[DATA Boundary: Start]

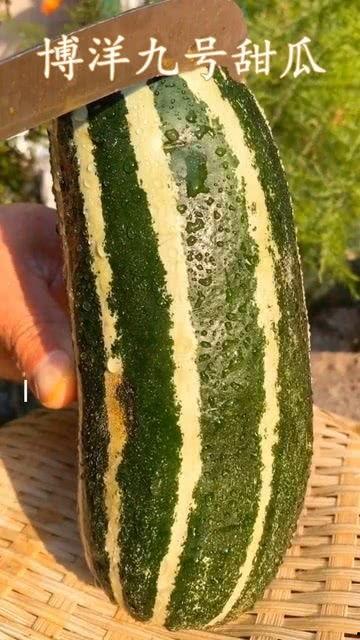 没熟的瓜怎么腌制吃的视频,如何腌制未熟瓜的美味秘诀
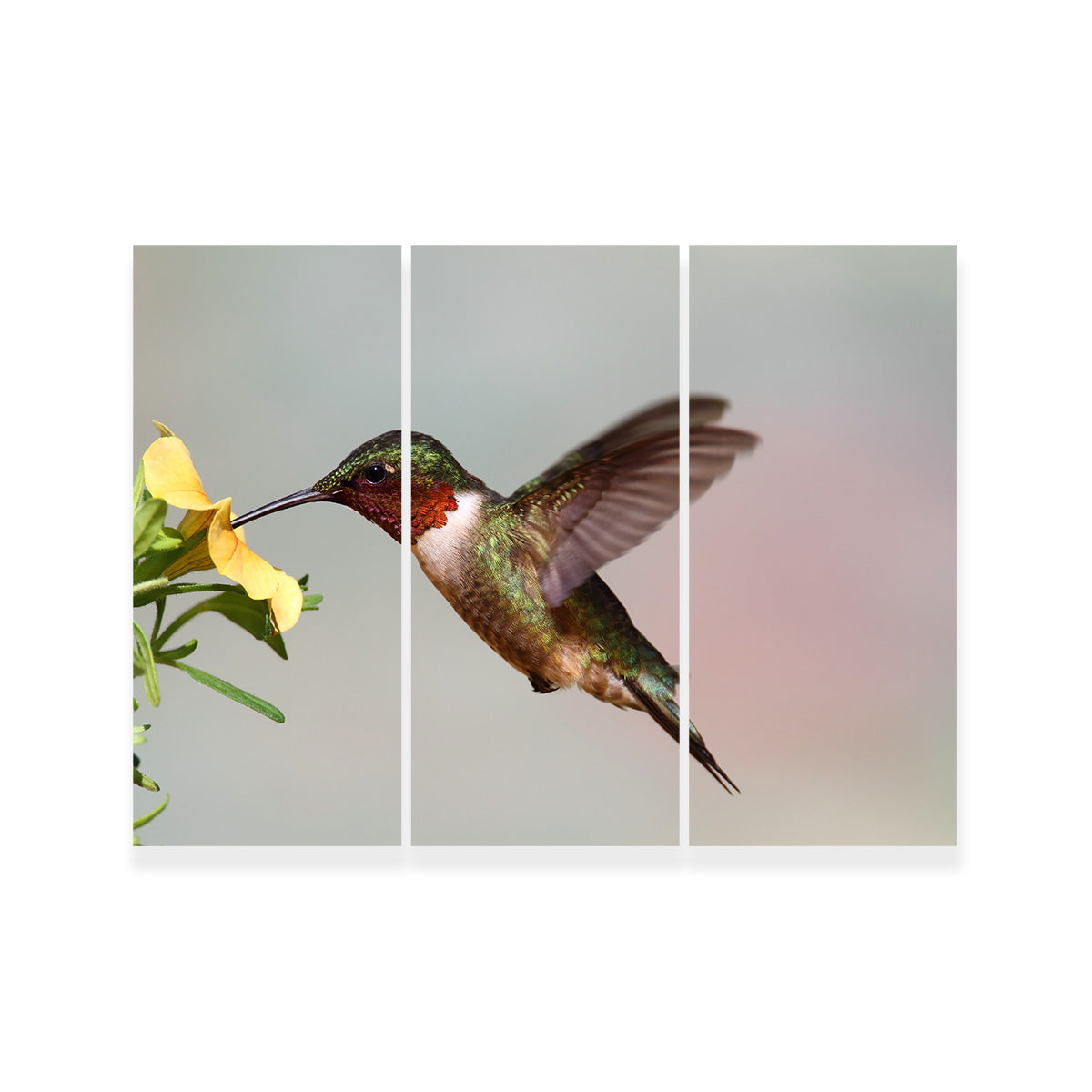 Exquisite Ruby Throated Hummingbird Wall Art for Stunning Decor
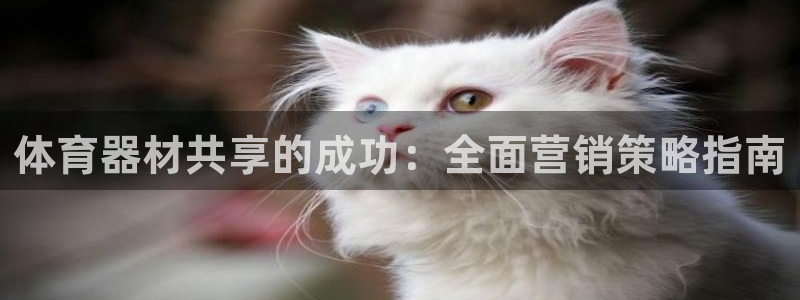 耀世天下图片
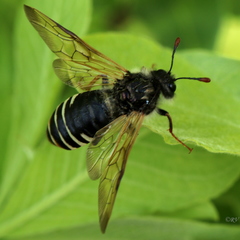 Pseudoclavellaria amerinae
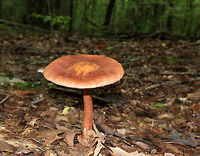 Blusher Mushroom - Amanita amerirubescens group This mushroom was monstrous! The cap was at least 12 cm diameter. It was reddish orange with remnants of volva present as warts. Cream colored gills. Stem was similar in color to the cap. This mushroom was 13-15 cm tall.<br />
<br />
Habitat: Growing on the ground, under oak, in a deciduous forest.<br />
https://www.jungledragon.com/image/83514/blusher_mushroom_-_amanita_amerirubescens_group.html<br />
Amanita,Amanita amerirubescens,Amanita amerirubescens group,Amanita rubescens,Eastern American Blusher,Geotagged,Summer,United States,blusher,mushroom
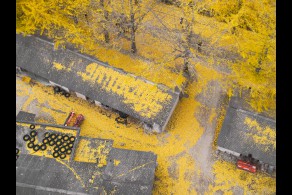 입선[일반카메라] / 가을이 내린 농가 /  경남 거창군 거창읍 학리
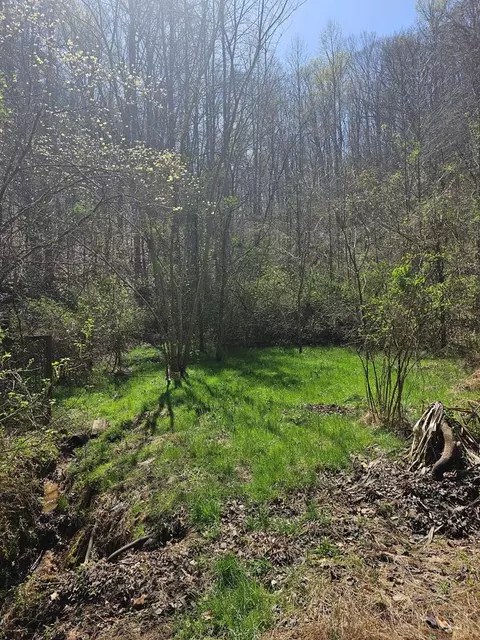0 Myers Hollow Rd, Seymour, TN 37865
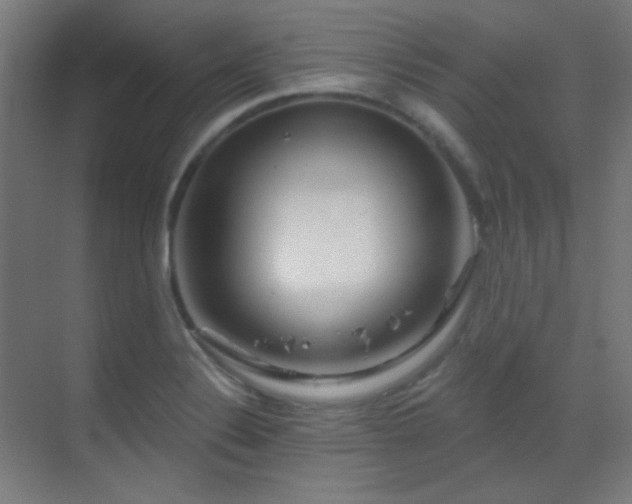 X0000070201324200605261216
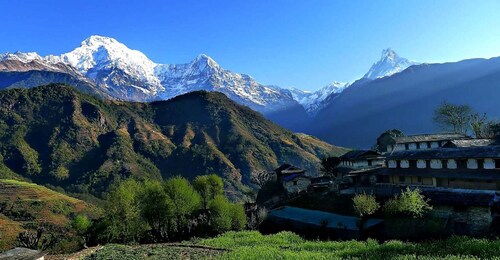 Pokhara: Poon Hill und Annapurna Base Camp Private Trek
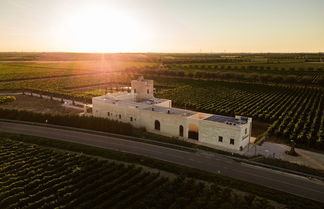 Photo 1 - Masseria Torleanzi - Wine Relais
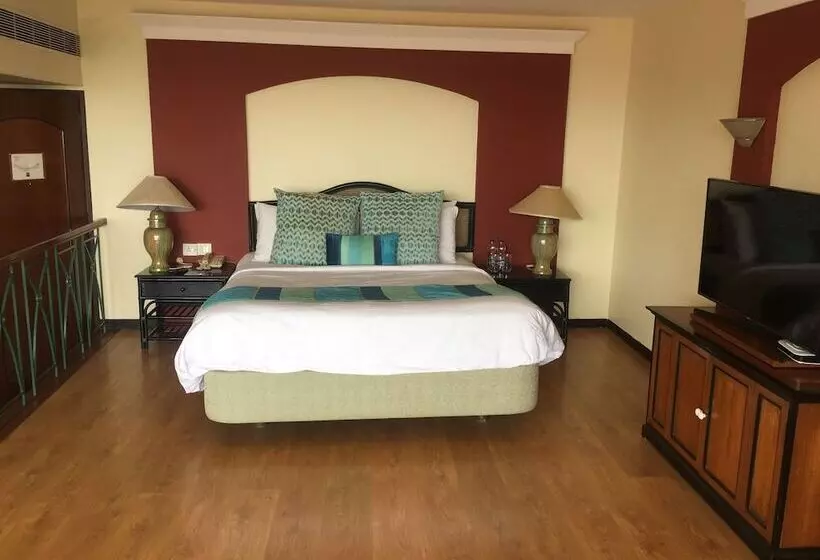 エクゼクティブスイート, The Park  Visakhapatnam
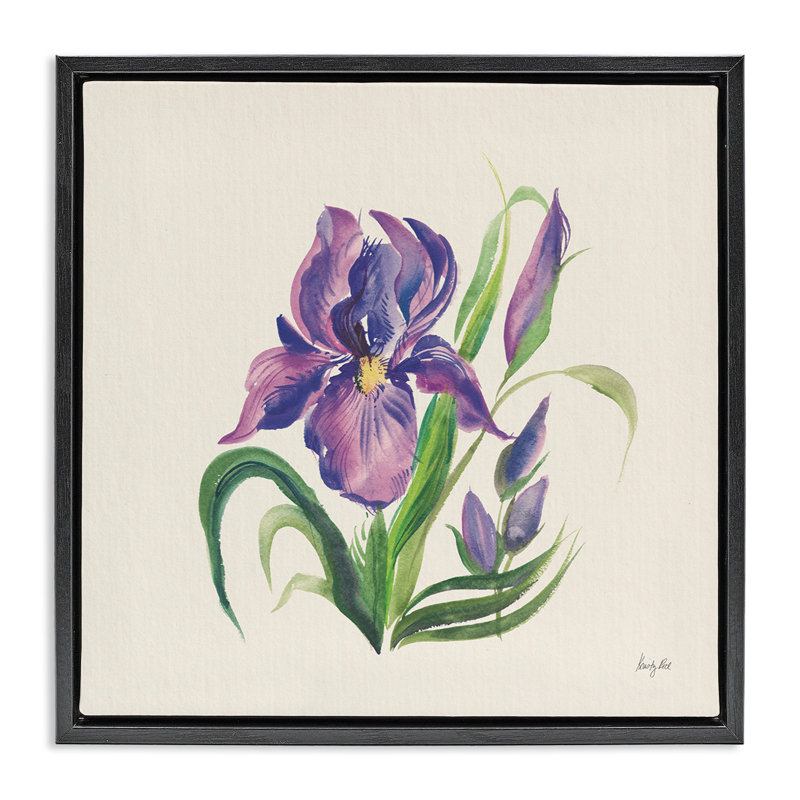 «Mauve Iris Flower», art mural sur toile flottante par Kristy riz, Cadre flottant noir de jais, H 25 po x l 25 po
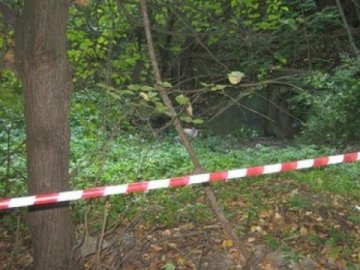 У лісосмузі поблизу Гаразджі побили та пограбували чоловіка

[DATA Boundary: End]

WHAT THE TASK ASKS: Please extract exactly the lines of the data, from the first through the line containing "エクゼクティブスイート, The Park", and add no pictures to the copy.

THE COMPLETED TASK:
 没熟的瓜怎么腌制吃的视频,如何腌制未熟瓜的美味秘诀
 Exquisite Ruby Throated Hummingbird Wall Art for Stunning Decor
 耀世天下图片
 Pseudoclavellaria amerinae
 Blusher Mushroom - Amanita amerirubescens group This mushroom was monstrous! The cap was at least 12 cm diameter. It was reddish orange with remnants of volva present as warts. Cream colored gills. Stem was similar in color to the cap. This mushroom was 13-15 cm tall.<br />
<br />
Habitat: Growing on the ground, under oak, in a deciduous forest.<br />
https://www.jungledragon.com/image/83514/blusher_mushroom_-_amanita_amerirubescens_group.html<br />
Amanita,Amanita amerirubescens,Amanita amerirubescens group,Amanita rubescens,Eastern American Blusher,Geotagged,Summer,United States,blusher,mushroom
 입선[일반카메라] / 가을이 내린 농가 /  경남 거창군 거창읍 학리
0 Myers Hollow Rd, Seymour, TN 37865
 X0000070201324200605261216
 Pokhara: Poon Hill und Annapurna Base Camp Private Trek
 Photo 1 - Masseria Torleanzi - Wine Relais
 エクゼクティブスイート, The Park  Visakhapatnam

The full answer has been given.